Safety stands as the primary obstacle preventing the widespread adoption of learning-based robotic systems in our daily lives. While reinforcement learning (RL) shows promise as an effective robot learning paradigm, conventional RL frameworks often model safety by using single scalar negative rewards with immediate episode termination, failing to capture the temporal consequences of unsafe actions (e.g., sustained collision damage). In this work, we introduce a novel approach that simulates these temporal effects by applying continuous negative rewards without episode termination.

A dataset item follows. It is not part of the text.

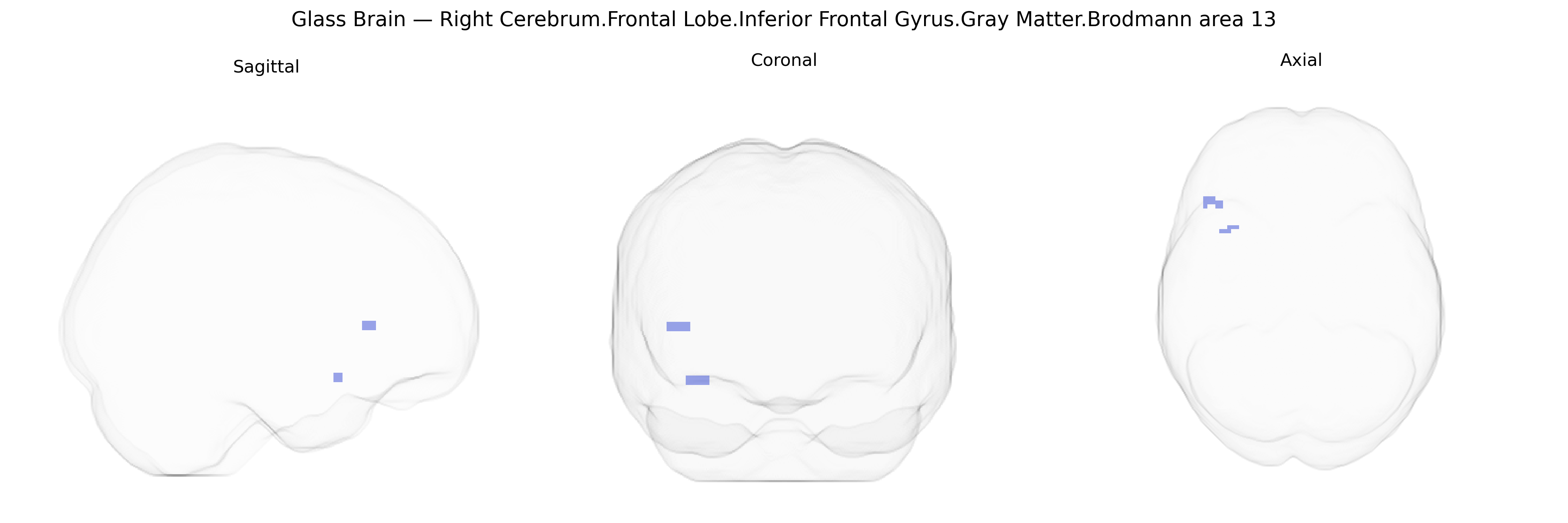 Triplanar Ghost Brain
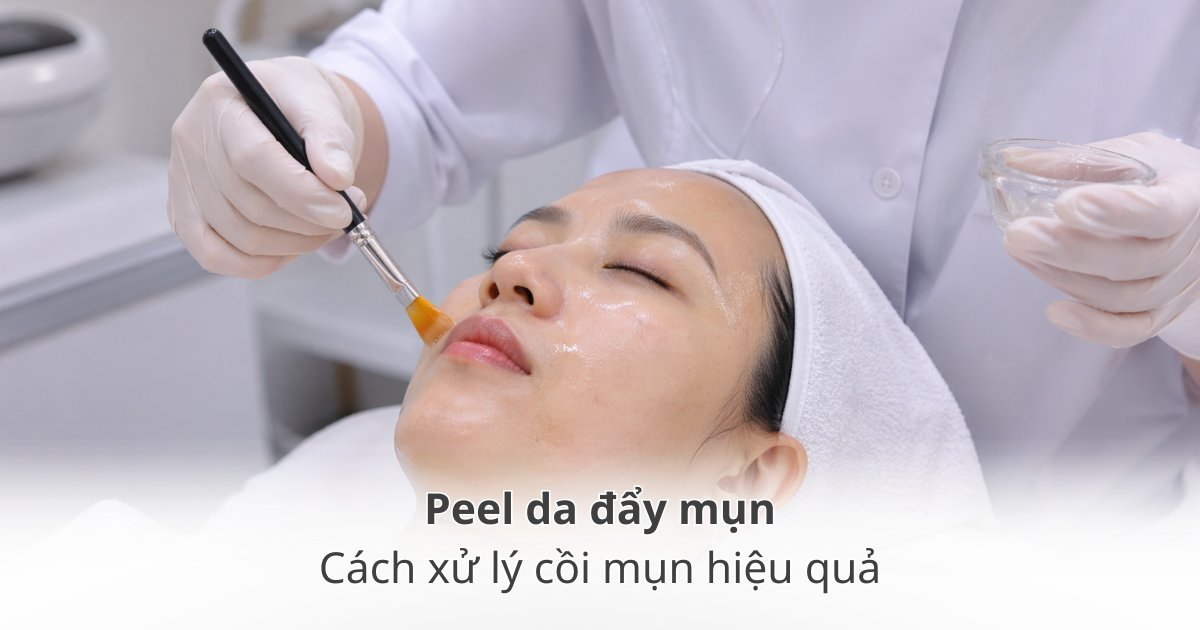 Peel da đẩy mụn và cách xử lý cồi mụn hiệu quả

Our experiments reveal that standard RL methods struggle with this model, as the accumulated negative values in unsafe zones create learning barriers. To address this challenge, we demonstrate how Control Barrier Functions (CBFs), with their proven safety guarantees, effectively help robots avoid catastrophic regions while enhancing learning outcomes. We present three CBF-based approaches, each integrating traditional RL methods with Control Barrier Functions, guiding the agent to learn safe behavior. Our empirical analysis, conducted in both simulated environments and real-world settings using a four-wheel differential drive robot, explores the possibilities of employing these approaches for safe robotic learning.

Figures (5)

• Figure 1: Overview of the three variations of safety guardrail for reinforcement learning: a filter (green) approach that intervenes when the agent is about to enter an unsafe region, a reward-based (orange) approach that incorporates CBF within the reward structure and a decay (blue) approach that progressively removes the effect of the CBF over time.
• Figure 2: Schematic of unicycle model. Point $\mathbf{x}^\prime$ is shifted $\epsilon$ units along robot axis.
• Figure 3: Simulated (dotted lines) and real (solid lines) trajectories w/o CBF for a four-wheel differential drive robot. The goal is the green circle, obstacle is a red circle with collision region (dot. purple circle). Trajectories can hit the obstacle (red) or not (green). Real trajectories are stopped if outside (orange) the arena; simulated ones stop after maximum steps is achieved (orange).
• Figure 4: Value of the critic for trained policies at early learning stage and the end of training. The agent is initialized at centroid of each bin with an orientation toward the obstacle.
• Figure 5: Performance of the model with training: average reward, and average % CBF activations per episode.